# Applying Jacobi–Anger expansion with fourier series

I am looking at a paper that has the following expression

$$J_\mu = J \exp[i \alpha \sin(\omega t-\phi_\mu)]\exp[-i \omega t]$$ It then says "parameters whose Fourier series read" $$J_\mu(t)=\sum_{s=-\infty}^\infty\mathscr{J}_{1+s}(\alpha)e^{-i (1+s)\phi_\mu}e^{is \omega t}$$

I am failing to see where this comes from. In order to get the bessel functions, do I have to compute the coefficients of the fourier series using orthogonality?

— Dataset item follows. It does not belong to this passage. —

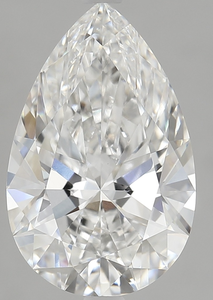 Pera 5.07ct E VVS2 Diamante cultivado en laboratorio para la fabricación de joyas Diamante CVD - Product Image 3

From the generating function for the Bessel functions $$e^{\frac{1}{2}z(t-t^{-1})}=\sum_{m=-\infty}^{\infty}t^{m}J_{m}\left(z\right)$$ with $z=\alpha$ and $t=\exp\left[ i\left( \omega t-\phi_\mu \right) \right]$ one obtains $$\exp[i \alpha \sin(\omega t-\phi_\mu)]=\sum_m \exp\left[ im\left( \omega t-\phi_\mu \right) \right]$$ \begin{align} J_\mu &= J \exp[i \alpha \sin(\omega t-\phi_\mu)]\exp[-i \omega t]\\ &=J\sum_m J_m(\alpha)\exp\left[ im\left( \omega t-\phi_\mu \right) \right]e^{-i\omega t}\\ &=J\sum_mJ_m(\alpha) \exp\left( i(m-1) \omega t \right)e^{-im\phi_\mu}\\ &=J\sum_sJ_{s+1}(\alpha) e^{-i(s+1)\phi_\mu }e^{is \omega t} \end{align} as expected.